6.22.2007

Pour la survie du Verbe (où l'auteur, une fois de plus, vous guide vers la sagesse)

Aujourd'hui, amis lecteurs, je vous encourage fortement à vous pencher sur le précieux petit essai de Christian Salmon intitulé Verbicide.

Paru d'abord aux éditions Climats (toujours incontournables) en 2002 puis, de façon plus surprenante, réédité et réactualisé par Actes Sud (les éditeurs seraient-ils mieux inspirés dans le Sud?) dans sa collection de poche Babel en avril dernier, cet ouvrage vite avalé pourra vous fournir (chose rare et précieuse) d'intéressantes pistes de réflexions sur la dangereuse dériliction du langage ainsi que l'appauvrissement et la pollution du régime fictionnel dans notre société "communicationnelle". En honnête disciple de Walter Benjamin, Hannah Arendt et Jean Baudrillard, Salmon porte un éclairage digne d'intérêt sur les récentes dérives post-11 septembre du monde occidental.
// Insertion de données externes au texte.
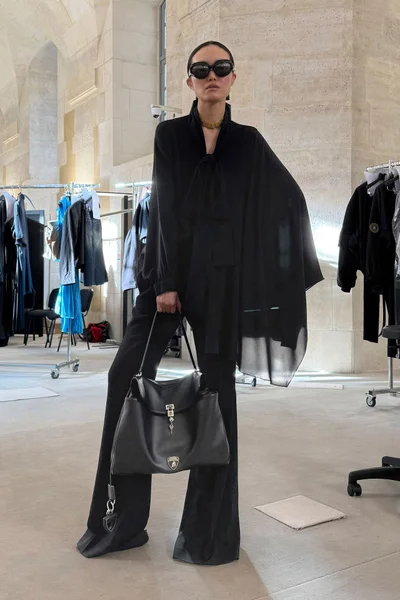 Look 10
Mais un court extrait valant bien mieux qu'un long discours lénifiant, je laisse parler l'auteur :

"Tout ce qui était non marchand et relevait de la vie privée est devenu marchandise... A la bourse de l'intime, on recycle tout : les fugues d'enfant, la sexualité des obèses, le syndrome des otages, le sevrage des tabagiques, le clonage des coléoptères, l'abus des aérosols... La Télévision a réponse à Tout. Pour toute demande. On peut s'adresser à ses Voyantes Maison. Ses Psychologues attitrés. Ses Intellectuels Engagés.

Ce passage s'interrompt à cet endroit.